The Vain Person:
One who loves the smell of his own farts.
The Amiable Person:
One who loves the smell of other peoples farts.
The Proud Person:
One who thinks his farts are exceptionally fine.
The Shy Person:
One who releases silent farts and then blushes.
The Impudent Person:
One who farts loudly and then laughs.
The Scientific Person:
One who farts regularly but is truly concerned about air pollution.
The Unfortunate Person:
One who tries awfully hard to fart but shits instead.
The Nervous Person:One who stops in the middle of a fart.
The Dishonest Person:One who farts and then blames the dog.
The Foolish Person:One who suppresses a fart for hours and hours.

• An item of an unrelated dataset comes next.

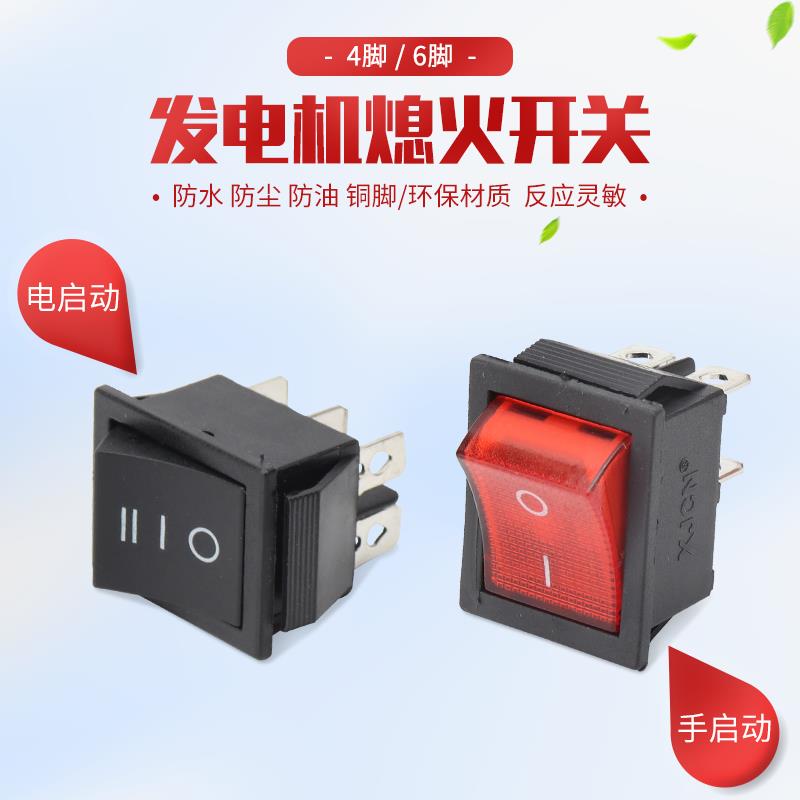 汽油发电机组配件翘板开关2/3KW5/6.5/8千瓦发电机熄火开关通用型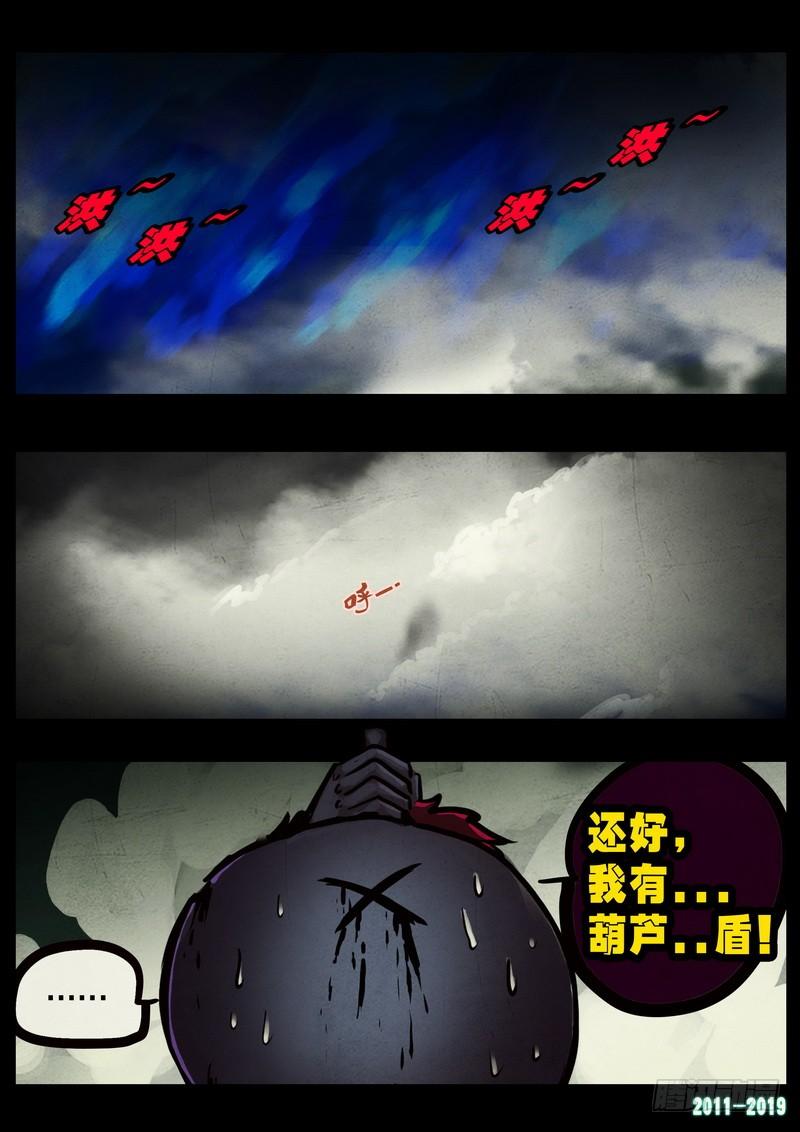尸兄（我叫白小飞） 第0235集 第19页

The Thrifty Person:One who always has several farts in reserve.
The Antisocial Person:One who excuses himself and farts in complete privacy.
The Strategic Person:One who conceals his farts with loud laughter.
The Sadistic Person:One who farts in bed and then fluffs the bedcovers over his bed mate's head.
The Intellectual Person:One who determines from the smell of his neighbor's fart as precisely the latest food item he consumed.
The Athletic Person:One who farts at the slightest exertion.
The Miserable Person:One who would truly love to, but can't fart at all.
The Sensitive Person:One who farts and then bursts into tears.